■ Your task ■
Pick out every line of the entries below where "show" occurs, and copy those lines.

■ Extracted data ■
********************

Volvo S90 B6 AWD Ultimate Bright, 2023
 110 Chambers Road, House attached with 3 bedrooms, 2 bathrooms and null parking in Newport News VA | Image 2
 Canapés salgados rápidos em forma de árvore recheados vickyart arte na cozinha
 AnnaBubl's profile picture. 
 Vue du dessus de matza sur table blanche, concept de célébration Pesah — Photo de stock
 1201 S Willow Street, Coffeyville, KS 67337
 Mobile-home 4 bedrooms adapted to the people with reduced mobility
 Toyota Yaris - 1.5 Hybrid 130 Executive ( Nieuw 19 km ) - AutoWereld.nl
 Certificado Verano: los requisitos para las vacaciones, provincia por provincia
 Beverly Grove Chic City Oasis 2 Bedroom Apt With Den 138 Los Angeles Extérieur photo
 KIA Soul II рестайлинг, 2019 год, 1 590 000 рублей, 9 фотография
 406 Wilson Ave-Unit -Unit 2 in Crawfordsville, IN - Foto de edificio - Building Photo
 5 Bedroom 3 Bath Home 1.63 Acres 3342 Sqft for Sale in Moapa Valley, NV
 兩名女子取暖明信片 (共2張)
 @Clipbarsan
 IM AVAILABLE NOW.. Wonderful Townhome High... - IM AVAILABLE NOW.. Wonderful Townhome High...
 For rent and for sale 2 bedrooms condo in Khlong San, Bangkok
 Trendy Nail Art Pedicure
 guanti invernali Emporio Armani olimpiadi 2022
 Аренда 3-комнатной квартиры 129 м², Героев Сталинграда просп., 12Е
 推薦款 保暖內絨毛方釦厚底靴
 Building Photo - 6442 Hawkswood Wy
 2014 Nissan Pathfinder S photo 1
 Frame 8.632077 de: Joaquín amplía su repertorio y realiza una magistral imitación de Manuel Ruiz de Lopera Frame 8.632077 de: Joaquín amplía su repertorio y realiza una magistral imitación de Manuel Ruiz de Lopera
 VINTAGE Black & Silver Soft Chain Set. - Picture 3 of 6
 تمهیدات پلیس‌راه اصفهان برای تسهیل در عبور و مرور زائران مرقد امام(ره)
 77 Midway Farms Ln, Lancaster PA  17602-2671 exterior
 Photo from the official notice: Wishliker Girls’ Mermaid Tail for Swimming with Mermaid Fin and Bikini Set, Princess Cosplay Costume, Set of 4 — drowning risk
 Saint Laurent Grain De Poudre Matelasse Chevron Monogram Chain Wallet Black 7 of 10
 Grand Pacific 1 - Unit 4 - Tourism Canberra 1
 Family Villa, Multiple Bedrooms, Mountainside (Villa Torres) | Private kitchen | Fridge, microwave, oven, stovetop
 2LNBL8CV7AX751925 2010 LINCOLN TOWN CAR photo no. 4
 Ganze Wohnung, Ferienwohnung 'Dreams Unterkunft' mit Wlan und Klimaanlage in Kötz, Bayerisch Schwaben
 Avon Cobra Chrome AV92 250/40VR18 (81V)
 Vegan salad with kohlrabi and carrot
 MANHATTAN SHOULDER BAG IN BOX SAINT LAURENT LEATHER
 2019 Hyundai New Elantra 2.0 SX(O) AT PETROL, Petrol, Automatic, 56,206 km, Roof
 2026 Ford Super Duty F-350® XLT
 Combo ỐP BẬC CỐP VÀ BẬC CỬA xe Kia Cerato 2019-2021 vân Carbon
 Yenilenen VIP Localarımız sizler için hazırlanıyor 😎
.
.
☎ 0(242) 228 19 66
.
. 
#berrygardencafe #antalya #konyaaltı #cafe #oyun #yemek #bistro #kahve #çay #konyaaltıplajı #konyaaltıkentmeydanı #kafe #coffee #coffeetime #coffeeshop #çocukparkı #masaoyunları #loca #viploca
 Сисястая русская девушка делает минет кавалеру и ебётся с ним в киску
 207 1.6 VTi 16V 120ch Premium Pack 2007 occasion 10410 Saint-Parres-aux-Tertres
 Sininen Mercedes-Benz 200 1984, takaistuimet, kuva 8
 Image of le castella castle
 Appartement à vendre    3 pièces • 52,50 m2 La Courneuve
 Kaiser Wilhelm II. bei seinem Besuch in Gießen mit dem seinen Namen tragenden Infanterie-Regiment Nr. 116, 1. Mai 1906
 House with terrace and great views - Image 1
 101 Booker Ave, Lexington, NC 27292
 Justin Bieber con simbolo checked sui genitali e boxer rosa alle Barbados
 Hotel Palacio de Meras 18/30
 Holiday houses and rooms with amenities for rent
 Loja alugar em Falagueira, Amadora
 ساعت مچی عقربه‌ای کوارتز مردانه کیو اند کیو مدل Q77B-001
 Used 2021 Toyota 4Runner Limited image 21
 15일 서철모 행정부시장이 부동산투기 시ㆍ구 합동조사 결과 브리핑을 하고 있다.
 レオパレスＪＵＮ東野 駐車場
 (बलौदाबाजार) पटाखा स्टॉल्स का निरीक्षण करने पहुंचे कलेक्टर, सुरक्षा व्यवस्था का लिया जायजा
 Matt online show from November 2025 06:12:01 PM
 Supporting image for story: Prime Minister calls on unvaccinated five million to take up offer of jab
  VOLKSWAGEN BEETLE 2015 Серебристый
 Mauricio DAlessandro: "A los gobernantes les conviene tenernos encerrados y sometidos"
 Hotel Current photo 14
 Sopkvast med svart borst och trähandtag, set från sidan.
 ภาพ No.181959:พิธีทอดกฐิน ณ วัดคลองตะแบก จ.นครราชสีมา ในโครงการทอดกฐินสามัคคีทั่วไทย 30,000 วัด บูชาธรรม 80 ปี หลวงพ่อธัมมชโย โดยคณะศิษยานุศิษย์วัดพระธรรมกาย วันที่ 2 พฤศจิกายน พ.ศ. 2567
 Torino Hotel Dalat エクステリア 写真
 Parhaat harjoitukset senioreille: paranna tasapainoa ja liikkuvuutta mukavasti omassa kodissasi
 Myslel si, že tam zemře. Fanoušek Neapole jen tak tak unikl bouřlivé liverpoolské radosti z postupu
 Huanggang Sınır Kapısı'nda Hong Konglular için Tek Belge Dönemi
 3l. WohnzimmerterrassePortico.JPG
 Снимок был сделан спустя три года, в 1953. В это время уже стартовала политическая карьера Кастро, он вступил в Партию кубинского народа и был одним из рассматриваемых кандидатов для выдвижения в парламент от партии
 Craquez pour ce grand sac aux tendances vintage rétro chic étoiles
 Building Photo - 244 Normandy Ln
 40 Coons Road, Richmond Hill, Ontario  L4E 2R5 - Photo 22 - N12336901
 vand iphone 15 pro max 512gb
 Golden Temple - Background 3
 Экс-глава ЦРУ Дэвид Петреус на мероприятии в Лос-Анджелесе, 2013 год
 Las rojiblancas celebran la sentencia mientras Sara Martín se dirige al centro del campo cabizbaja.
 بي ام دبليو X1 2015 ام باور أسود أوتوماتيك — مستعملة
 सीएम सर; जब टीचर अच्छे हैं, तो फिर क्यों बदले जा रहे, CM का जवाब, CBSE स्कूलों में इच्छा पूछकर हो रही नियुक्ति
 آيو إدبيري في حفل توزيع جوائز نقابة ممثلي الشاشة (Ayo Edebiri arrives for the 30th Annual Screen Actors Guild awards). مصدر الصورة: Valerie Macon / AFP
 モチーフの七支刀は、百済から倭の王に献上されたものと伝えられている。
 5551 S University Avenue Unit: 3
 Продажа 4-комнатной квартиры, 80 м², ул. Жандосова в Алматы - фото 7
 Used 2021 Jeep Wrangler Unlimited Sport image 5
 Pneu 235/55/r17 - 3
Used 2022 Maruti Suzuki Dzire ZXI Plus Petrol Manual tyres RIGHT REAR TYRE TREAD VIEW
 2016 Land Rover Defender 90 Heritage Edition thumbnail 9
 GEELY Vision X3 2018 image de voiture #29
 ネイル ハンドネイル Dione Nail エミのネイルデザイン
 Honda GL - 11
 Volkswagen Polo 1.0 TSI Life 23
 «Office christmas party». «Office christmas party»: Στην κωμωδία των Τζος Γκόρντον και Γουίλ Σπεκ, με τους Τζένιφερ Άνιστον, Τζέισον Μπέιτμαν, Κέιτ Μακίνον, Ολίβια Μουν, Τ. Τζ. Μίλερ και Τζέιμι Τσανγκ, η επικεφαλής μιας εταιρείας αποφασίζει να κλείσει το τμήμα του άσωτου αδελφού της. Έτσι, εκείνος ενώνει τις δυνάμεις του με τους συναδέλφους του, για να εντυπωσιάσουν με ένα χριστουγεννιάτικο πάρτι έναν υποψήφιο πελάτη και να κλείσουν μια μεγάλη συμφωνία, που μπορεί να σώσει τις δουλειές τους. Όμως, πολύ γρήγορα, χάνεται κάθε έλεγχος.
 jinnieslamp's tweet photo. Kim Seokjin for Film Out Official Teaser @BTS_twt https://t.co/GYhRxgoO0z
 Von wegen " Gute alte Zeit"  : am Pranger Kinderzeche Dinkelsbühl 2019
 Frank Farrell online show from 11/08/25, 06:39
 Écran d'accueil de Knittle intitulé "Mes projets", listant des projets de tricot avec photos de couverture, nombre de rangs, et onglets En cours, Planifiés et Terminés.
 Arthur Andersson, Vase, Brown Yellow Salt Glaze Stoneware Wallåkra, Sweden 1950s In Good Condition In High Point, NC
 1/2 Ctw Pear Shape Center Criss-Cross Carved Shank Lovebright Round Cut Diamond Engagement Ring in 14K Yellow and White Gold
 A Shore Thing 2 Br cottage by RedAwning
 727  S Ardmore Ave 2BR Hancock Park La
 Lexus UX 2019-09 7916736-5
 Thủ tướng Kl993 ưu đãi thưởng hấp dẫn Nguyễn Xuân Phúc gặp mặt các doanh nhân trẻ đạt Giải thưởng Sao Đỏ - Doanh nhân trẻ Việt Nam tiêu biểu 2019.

********************

■ Answer section ■
 Matt online show from November 2025 06:12:01 PM
 Frank Farrell online show from 11/08/25, 06:39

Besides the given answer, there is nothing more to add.